§ MATERIAL FOR THIS EXERCISE
***

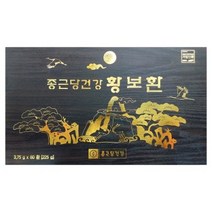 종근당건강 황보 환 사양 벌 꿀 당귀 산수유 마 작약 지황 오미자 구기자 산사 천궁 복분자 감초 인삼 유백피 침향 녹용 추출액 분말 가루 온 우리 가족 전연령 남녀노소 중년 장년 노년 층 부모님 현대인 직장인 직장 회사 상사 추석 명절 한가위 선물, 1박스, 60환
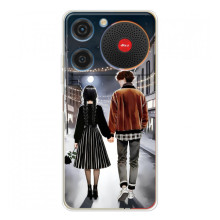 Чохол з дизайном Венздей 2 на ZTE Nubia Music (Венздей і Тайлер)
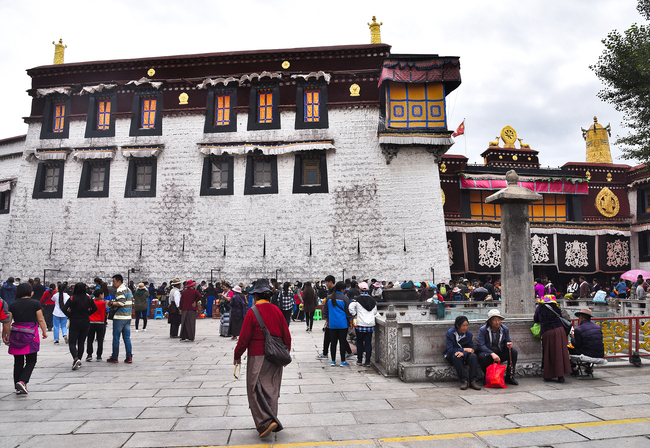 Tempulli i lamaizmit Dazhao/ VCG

***

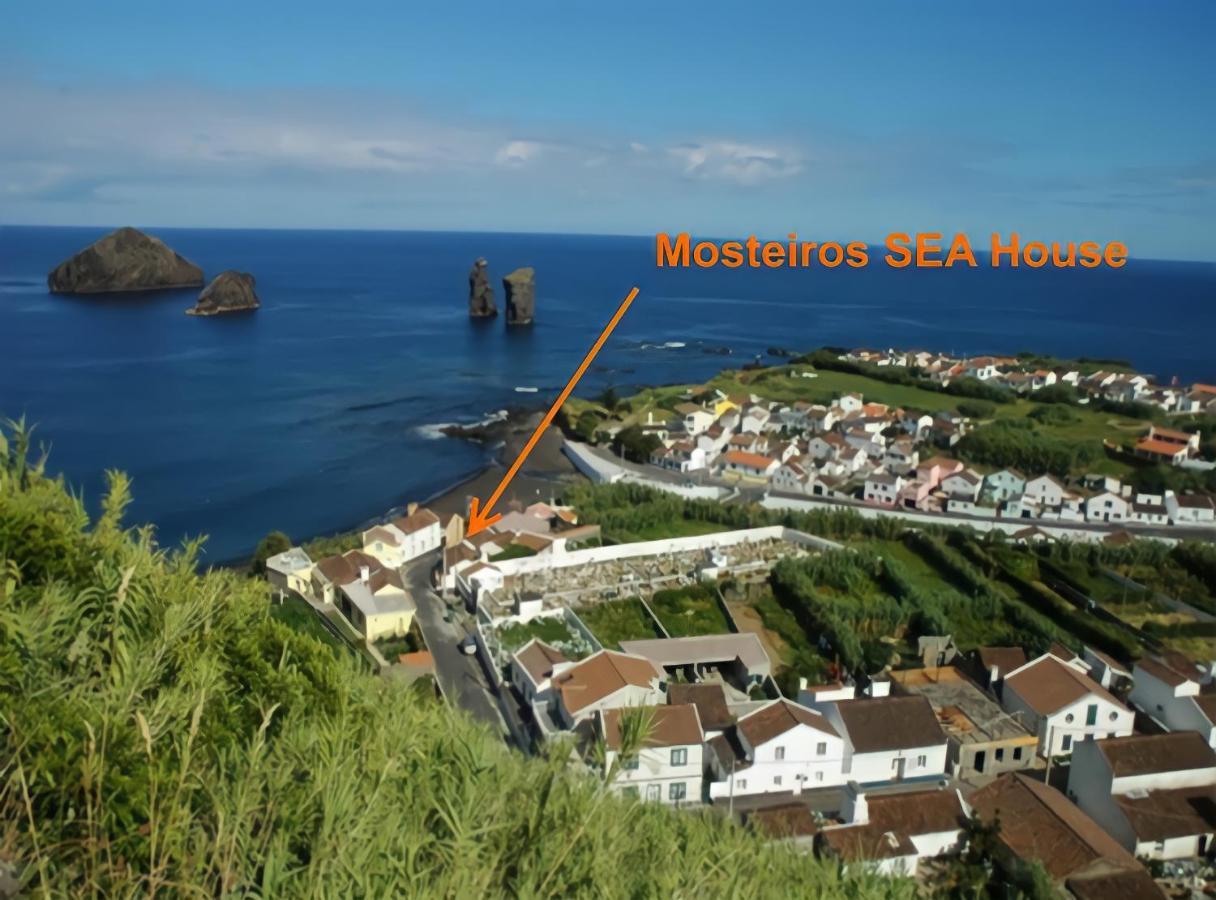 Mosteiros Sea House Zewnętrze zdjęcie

***

§ WHAT YOU SHOULD DO
Since the pictures are not part of the copy, please transcribe only the lines above from the one with "종근당건강 황보 환 사양" through the one with "Tempulli i lamaizmit Dazhao/ VCG", exactly and with both ends.

§ RESPONSE TO THE TASK
 종근당건강 황보 환 사양 벌 꿀 당귀 산수유 마 작약 지황 오미자 구기자 산사 천궁 복분자 감초 인삼 유백피 침향 녹용 추출액 분말 가루 온 우리 가족 전연령 남녀노소 중년 장년 노년 층 부모님 현대인 직장인 직장 회사 상사 추석 명절 한가위 선물, 1박스, 60환
 Чохол з дизайном Венздей 2 на ZTE Nubia Music (Венздей і Тайлер)
 Tempulli i lamaizmit Dazhao/ VCG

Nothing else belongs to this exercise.